◆ **PROBLEM STATEMENT**:
When a line in the data below includes "Premium", pick it out and copy it.

[Start of section]

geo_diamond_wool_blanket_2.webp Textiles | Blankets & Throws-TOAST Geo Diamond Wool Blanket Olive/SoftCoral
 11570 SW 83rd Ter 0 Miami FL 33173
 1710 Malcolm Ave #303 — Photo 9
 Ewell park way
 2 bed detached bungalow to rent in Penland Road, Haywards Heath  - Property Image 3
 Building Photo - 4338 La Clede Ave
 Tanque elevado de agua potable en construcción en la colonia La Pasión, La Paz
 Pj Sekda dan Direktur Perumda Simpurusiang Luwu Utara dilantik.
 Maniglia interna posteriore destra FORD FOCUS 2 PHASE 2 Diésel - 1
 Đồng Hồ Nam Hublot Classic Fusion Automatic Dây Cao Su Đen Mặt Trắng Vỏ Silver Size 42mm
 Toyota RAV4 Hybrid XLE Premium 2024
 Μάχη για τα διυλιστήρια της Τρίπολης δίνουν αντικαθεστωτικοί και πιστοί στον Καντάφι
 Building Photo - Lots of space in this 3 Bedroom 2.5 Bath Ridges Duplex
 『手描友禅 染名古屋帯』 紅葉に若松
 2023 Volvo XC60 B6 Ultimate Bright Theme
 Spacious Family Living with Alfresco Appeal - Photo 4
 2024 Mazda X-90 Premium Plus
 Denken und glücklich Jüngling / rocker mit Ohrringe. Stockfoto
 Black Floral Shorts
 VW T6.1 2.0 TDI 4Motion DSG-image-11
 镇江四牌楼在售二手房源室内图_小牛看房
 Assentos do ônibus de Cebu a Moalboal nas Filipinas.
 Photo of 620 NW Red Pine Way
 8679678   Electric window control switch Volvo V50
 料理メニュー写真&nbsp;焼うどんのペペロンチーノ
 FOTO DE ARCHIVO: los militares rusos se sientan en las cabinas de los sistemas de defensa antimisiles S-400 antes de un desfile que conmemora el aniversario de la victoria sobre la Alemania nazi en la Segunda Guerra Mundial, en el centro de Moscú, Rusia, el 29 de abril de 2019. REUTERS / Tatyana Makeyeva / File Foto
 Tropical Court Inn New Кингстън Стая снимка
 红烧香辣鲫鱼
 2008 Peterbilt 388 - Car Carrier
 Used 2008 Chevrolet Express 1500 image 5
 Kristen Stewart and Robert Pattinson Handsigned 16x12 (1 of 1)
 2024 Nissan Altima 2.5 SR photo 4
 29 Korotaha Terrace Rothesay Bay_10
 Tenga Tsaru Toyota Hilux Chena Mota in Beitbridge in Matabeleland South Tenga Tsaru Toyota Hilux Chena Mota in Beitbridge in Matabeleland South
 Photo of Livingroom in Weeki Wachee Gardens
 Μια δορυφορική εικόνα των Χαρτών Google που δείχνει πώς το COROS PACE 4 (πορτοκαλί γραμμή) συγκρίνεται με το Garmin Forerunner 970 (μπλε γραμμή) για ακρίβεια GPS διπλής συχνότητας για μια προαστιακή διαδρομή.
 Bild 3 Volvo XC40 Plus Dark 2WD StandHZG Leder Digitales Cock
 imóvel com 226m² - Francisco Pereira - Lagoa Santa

[End of section]

◆ **RESULT**:
 Toyota RAV4 Hybrid XLE Premium 2024
 2024 Mazda X-90 Premium Plus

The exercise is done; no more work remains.